Apache Sqoop Driver
Apache Sqoop uses the JDBC driver to connect to databases and perform required operations. It also facilitates the connection in form of code paths for those databases which are not SQL compliant. Sqoop is compatible with a large number of databases. To make the connection between Sqoop to different databases we need to download it and install it separately.
By using JDBC common API, we can connect with different databases. The JDBC drivers from different databases can be installed on the client system under the $SQOOP_HOME/lib path. Sqoop uses the JARs present on this path $SQOOP_HOME/lib and loads the classes to run MapReduce jobs. Sqoop uses a protocol scheme to check the vendor logic If the database is identified by Sqoop then Sqoop works otherwise we may need to specify the driver class to load via --driver. Sqoop also provides the --direst parameter to support non-JDBC-based access.
Apache Sqoop includes vendor-specific support for the below databases.
Database | Version | Support (--direct)? | Connect String | HSQLDB | 1.8.0+ | No | jdbc:hsqldb:*// | MySQL | 5.0+ | Yes | jdbc:mysql:// | Oracle | 10.2.0+ | No | jdbc:oracle:*// | PostgreSQL | 8.3+ | Yes (import only) | jdbc:postgresql:// | CUBRID | 9.2+ | NO | jdbc:cubrid:* |
---|
Apache Sqoop Connectors
Apache Sqoop supports the connector based architecture with which external systems can connect with Apache Sqoop. Using connectors Sqoop can connect with the data sources that have no JDBC support. We can add connector and plugin during the installation of Apache Sqoop. For installation, we can copy the JDBC driver under the $SQOOP_HOME/lib path of Sqoop in
Let us see how connectors partition, format their output, extract data and load data.
1. Partitioner
In this phase, the partitioner generates conditions that can be used by the extractor.
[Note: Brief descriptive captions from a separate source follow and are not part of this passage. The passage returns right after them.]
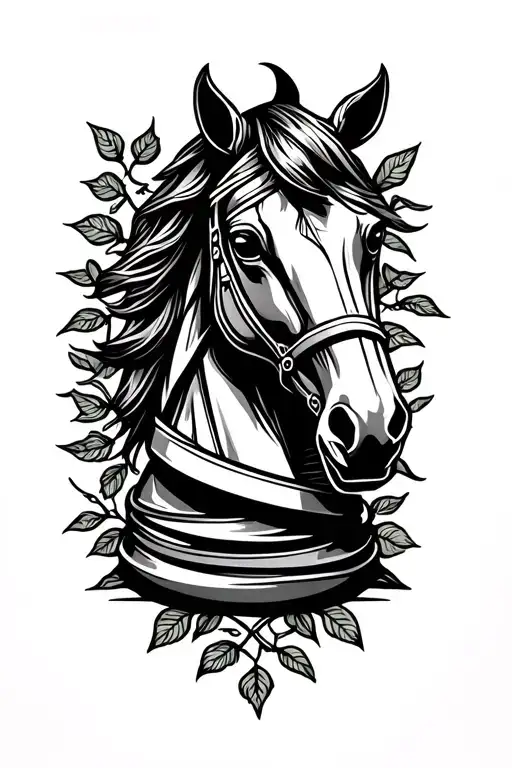 Knight Chess Horse Piece With Plant Vine Wrapped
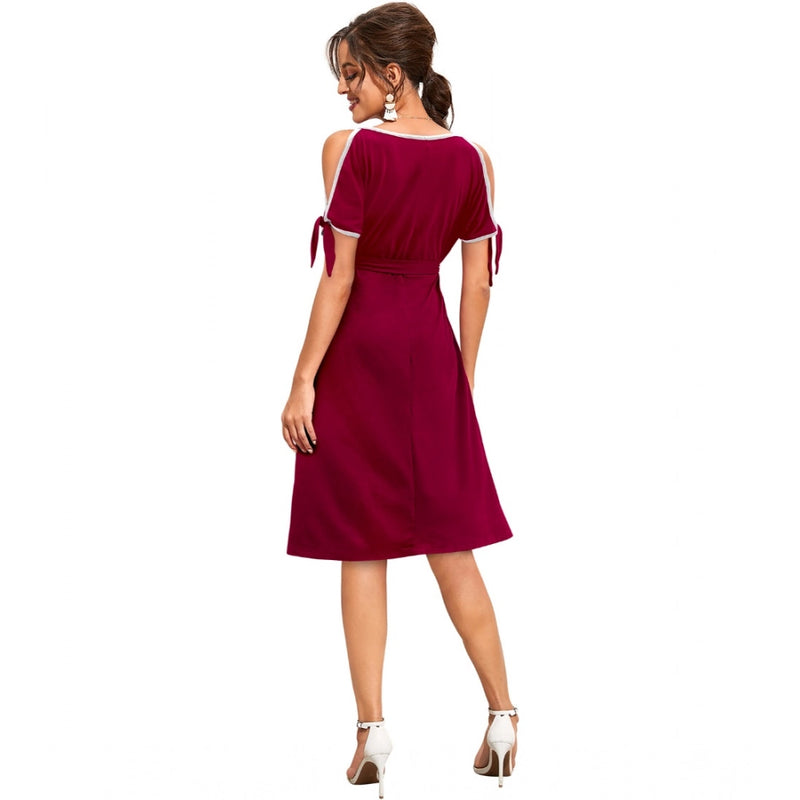 Mayawye Women's Knitting stretchable Solid Round Neck Sleeveless Dress (Maroon)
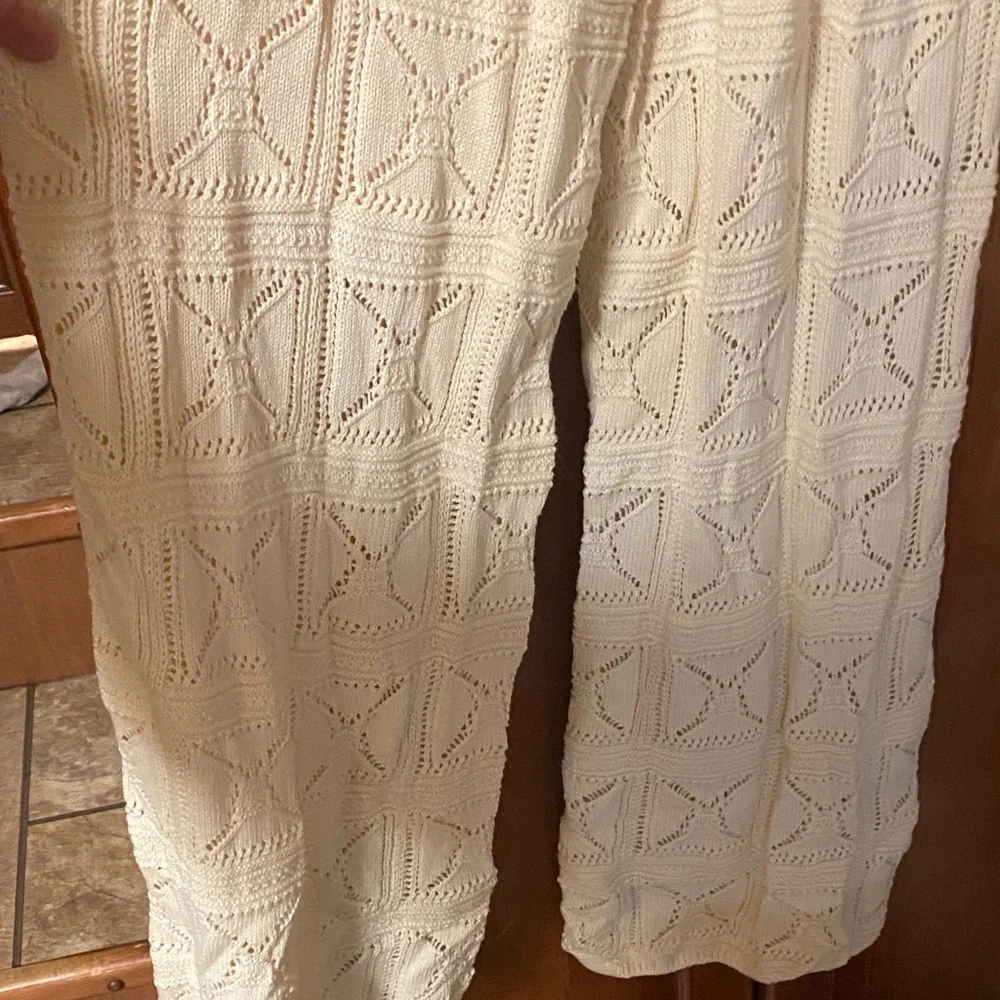 Wide Leg Cream-Colored Pants Chunky Knit Size Medium  NWT Spring Fall - Picture 6 of 14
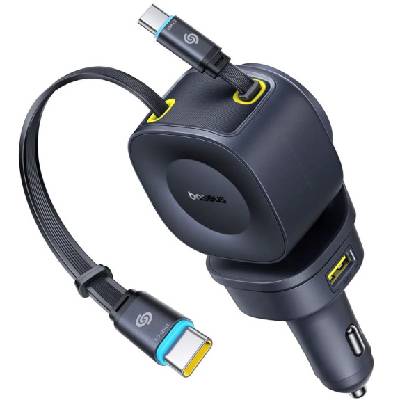 PrimeTrip VR2 Max комплект зарядно за кола с USB-C / USB-A портове и прибиращи се USB-C кабели - 163W - 0, 8 m - черен (92403)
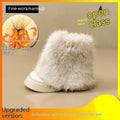 Women's black artificial plush snow boots with a low-top design and a waterproof rubber platform sole.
(upper boundary - lower boundary) / (max partitions)
If there is no specification from the user end then a primary key will be used to partition the data.
The data types supported are mentioned below.
- TINYINT
- SMALLINT
- INTEGER
- BIGINT
- REAL
- FLOAT
- DOUBLE
- NUMERIC
- DECIMAL
- BIT
- BOOLEAN
- DATE
- TIME
- TIMESTAMP
- CHAR
- VARCHAR
- LONGVARCHAR
2. Extractor
In this phase, the JDBC data source is queried using SQL which is based on your configuration.
- If a user provides the table name then the SQL query is generated which will be like this "Select * from tab_name".
- If a user provides the table name and the column name then the SQL query is generated which will be like this "Select col_name from tab_name".
- If a user provides the table SQL then that SQL will be executed.
3. Loader
In this phase, the JDBC data source is queried using SQL. This SQL will vary based on your configuration.
- IN case a user has provided a table name then the SQL will be generated as "INSERT INTO tab_name (col_name1, col2_name, ...) VALUES ()".
- IN case a user has provided a table name and column name then the SQL will be generated as "INSERT INTO table_name (columns) VALUES (??,..)".
- In case a user has provided a SQL query then that SQL query will be used.
4. Destroyers
In this phase, below two operations are performed.
- Perform the copy operation of the staging table to the concerned table.
- Once the copy operation is completed then empty the staging table.